Eating insects is not unusual in Thailand, Yanega explained. Insects, a good source of highly digestible protein, are part of the diet in Korea, China and Mexico as well.
“You get more bang for the buck when you eat insects, where protein is concerned,” Yanega said. “True, the outer hardened shell is often not digestible, but the softer, internal tissues are. Of course, you want to avoid toxic insects. There are some that could kill you if you ate them.”
How does one know if an insect is toxic? In general, herbivorous insects tend to be more edible. Moreover, insects have evolved to alert other critters — and us! — that they are not suitable for consumption. Bright colors like red, orange or yellow juxtaposed with black on insect bodies are a sure warning from insects that you’d better stay away.
“Think of monarch butterflies, ladybird beetles, tiger moths. You never want to eat them,” Yanega said. “Some tiger moths will even make a noise to warn you to stay away. Other bugs will defensively ooze nasty secretions in your mouth, the moment you bite, to force you to spit them out and free them.”
Because few people experiment with eating insects, identifying those that are both edible and delicious can be a big challenge.
“You have, in the middle of the bell curve of insects, a whole lot that are edible but taste awful,” Yanega said. “And there are those at one end of the curve that are just toxic. But at the other end of this curve lie the prized ones: these are edible and tasty.”
In the United States, most people are culturally still averse to eating insects. If you travel to Mexico, however, you might eat stinkbugs, sometimes used to flavor food. Farther off, in Japan, you could enjoy wasp grubs and silkworm larvae. In the mainland parts of Southeast Asia, you can savor giant water bugs and mole crickets.

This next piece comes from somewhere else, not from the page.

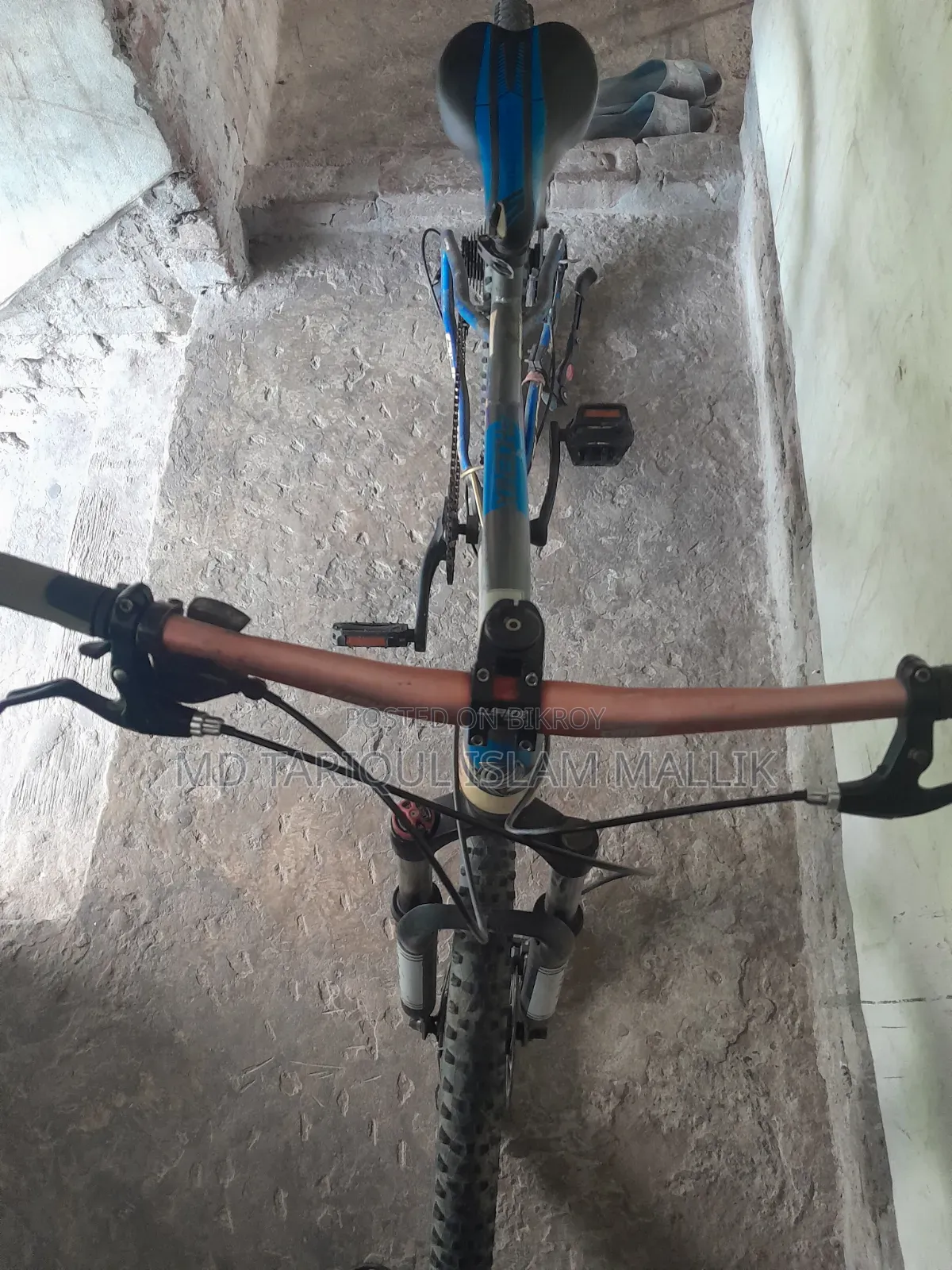 Phoenix Custom Mountain Bicycle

According to Yanega, one way to get introduced to an entomological diet is to first dry out insects, and then grind them up to a powder.
“You can use this powder as a supplement,” he said. “It’s the easiest way to go about eating insects as food. You can mix the powder into, say, wheat flour to get 'insect-enriched flour.'
If you’re cringing, rest assured that most of us already eat insects unknowingly. Much of food coloring uses insects. The waxy coloring that coats candies is oftentimes insect-based. And a lot of fresh produce has a built-in level of “insect contamination.”
“As long as you are not allergic to an edible insect, you’re safe eating it,” Yanega said. “If you can get past your phobia or stigma of putting bugs in your mouth, you should have no difficulty in adding insects to your diet.”
Which is what most of us would have to do if we found ourselves stranded on an island and famished.
“Should that happen, never mind the brightly colored bugs,” Yanega said. “Instead, go after the ones that are cryptically colored, the ones that look as though they are hiding from something. They would be a much better bet.”